A generation earlier, Uncle Bob had used the family's Magic Umbrella to travel the world, as his nephew would later do. Bob once told the talisman to take him to the source of the world's strongest magic — and ended up among the Phanfasms of Mount Phantastico. After surviving their abuse, Uncle Bob is sent home with a toddler who had gotten stranded on the mountain. (A storm had blown the child there when he was enchanted into the form of a goose.) That toddler was adopted by Bob's brother and his wife, and grew up to be Button-Bright.

The boy borrows the family umbrella once again, and sets off on a journey to discover his true origins.
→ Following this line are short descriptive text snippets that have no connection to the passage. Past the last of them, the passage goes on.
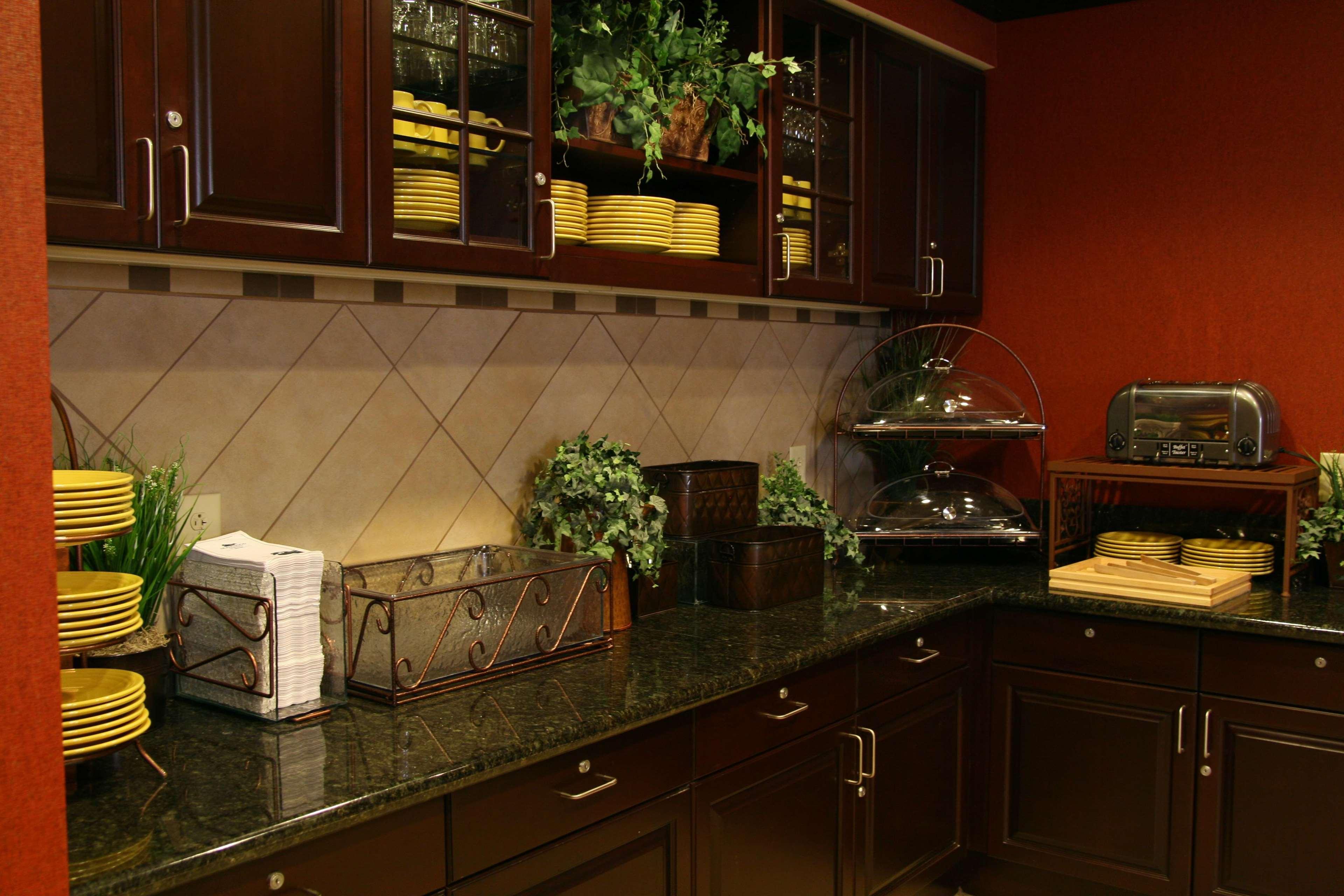 Homewood Suites By Hilton Macon-North Esterno foto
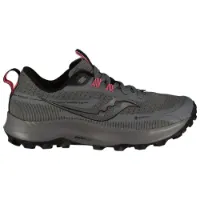 Saucony Peregrine 13 Goretex Trailrunning-schuhe female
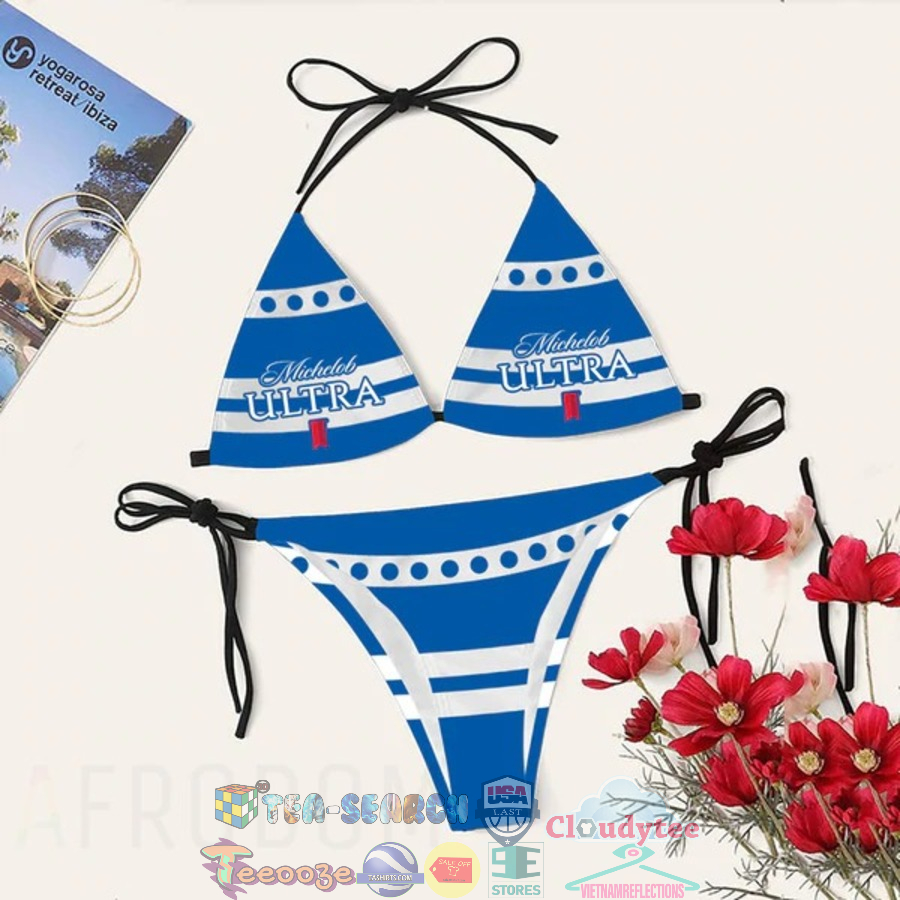 IipaXSUN-TH060622-35xxxMichelob-Ultra-Beer-White-Stripe-Bikini-Set-Swimsuit-Jumpsuit-Beach3.jpg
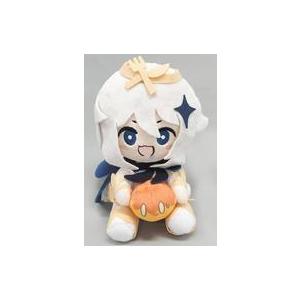 原神 Genshin げんしん ぬいぐるみ 抱き枕 鍾離 岩王帝君 70cm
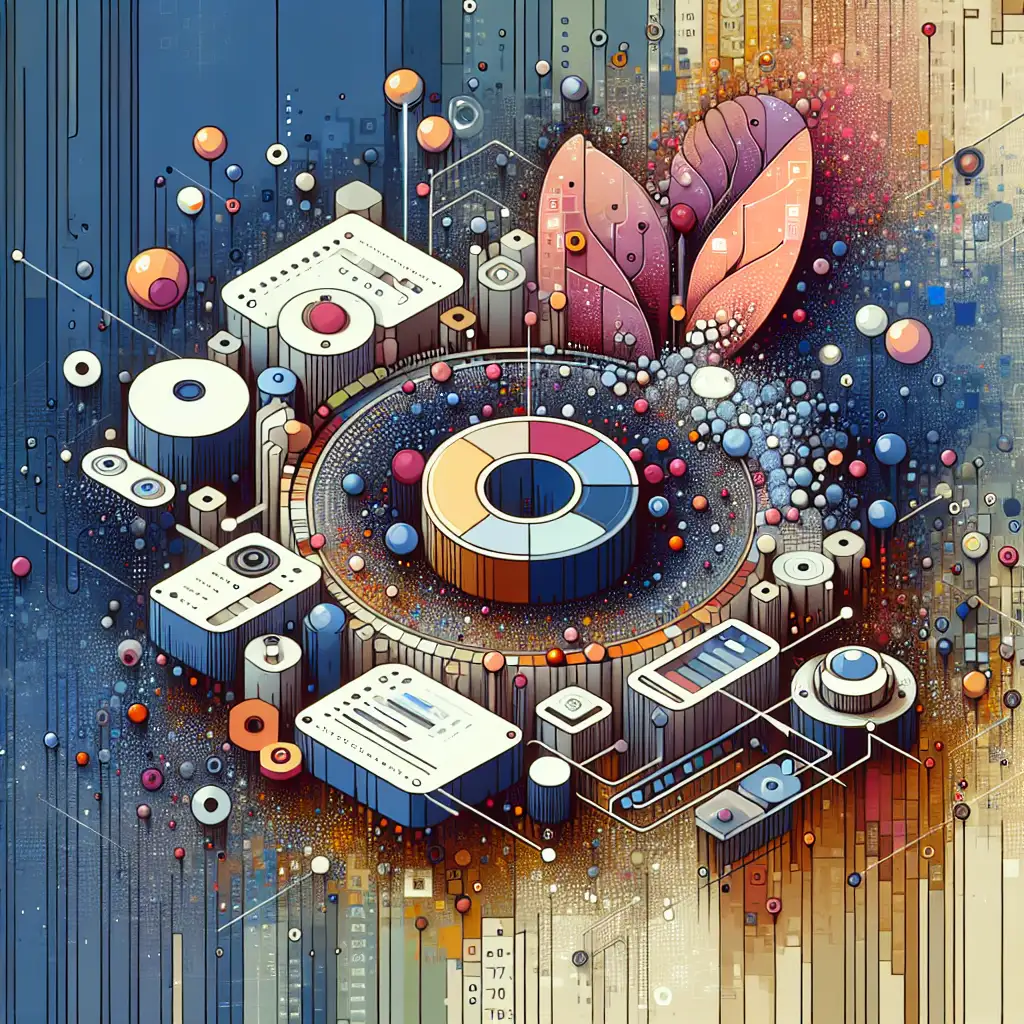 Data HK Datubolon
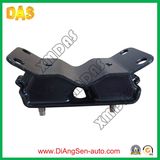 Custom Autos Spare Parts Engine Mount for Toyota (12371-66080)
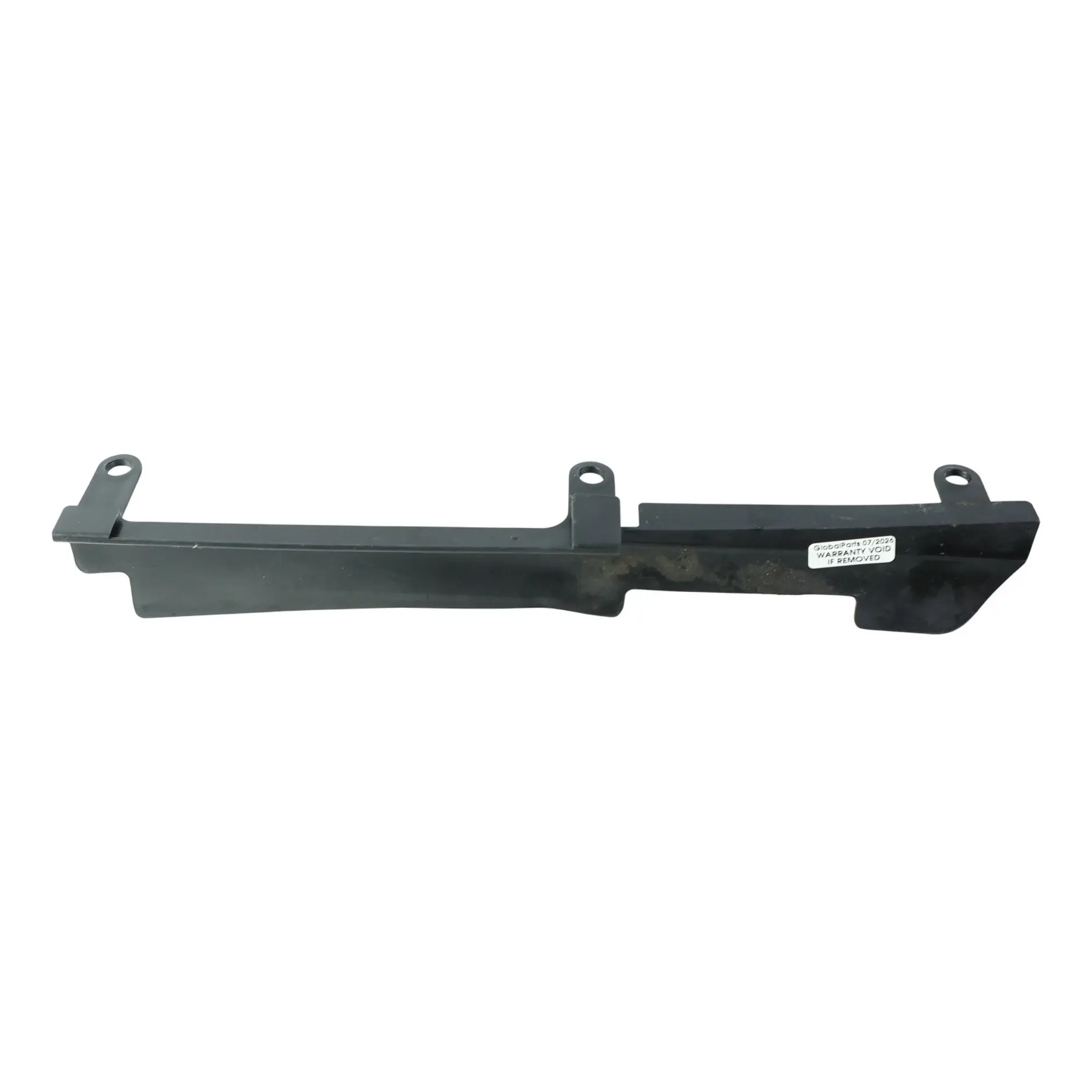 Mercedes Vito W447 Support Cadre Trappe Réservoir Carburant A4474710187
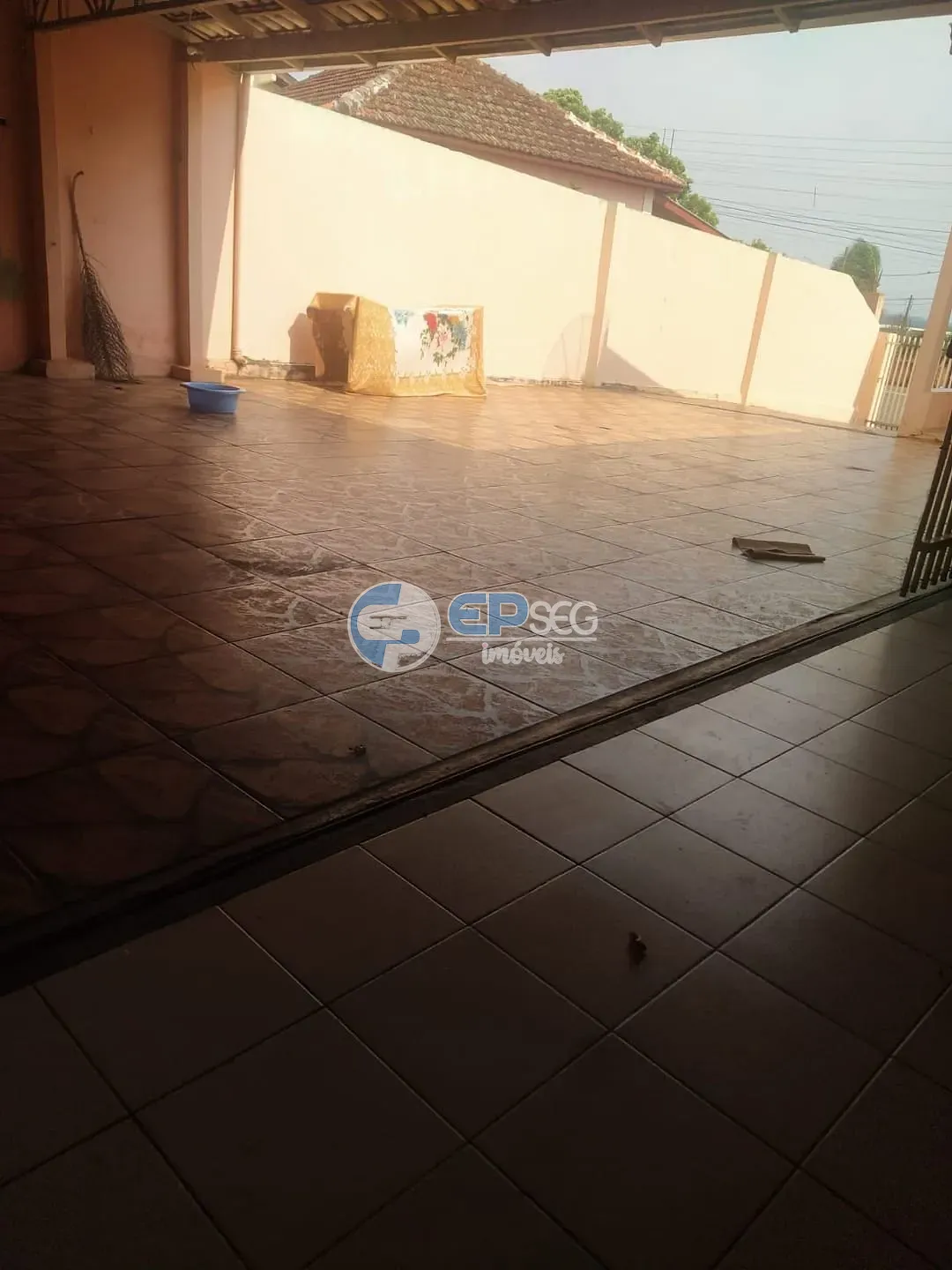 Casa, 3 quartos, 152 m² - Foto 4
His quest leads him to visit Polychrome and her father, the Rainbow, in their skyey environment. From there he lands on a ruined and desolate Mount Phantastico, to confront the last remaining Phanfasm; he learns their strange origins. Next is a visit to a humble, happy family in Ev, and finally a return to Oz. In the Forest of Gugu in the Gillikin Country, he finds his real mother, and endures a difficult initiation before he can absorb and accept the facts of his magical nature.

Background

In this book, Dana provides a thoughtful treatment of a crucial issue in the Oz mythos. Baum and his successors often made their child protagonists orphans, freeing them from family pressures and obligations. In some cases, though, Baum's children abandon living parents to come to live in Oz — a remarkable thing that is passed over without much comment. Trot is one of these children; the scene in the book's first chapter, in which she reveals that she regularly looks in on her mother through the Magic Picture, is striking. Button-Bright is another of these children. Dana makes him an orphan, something that is never specified in Baum's books; but the boy also shows a new, more mature recognition of family connection and obligation.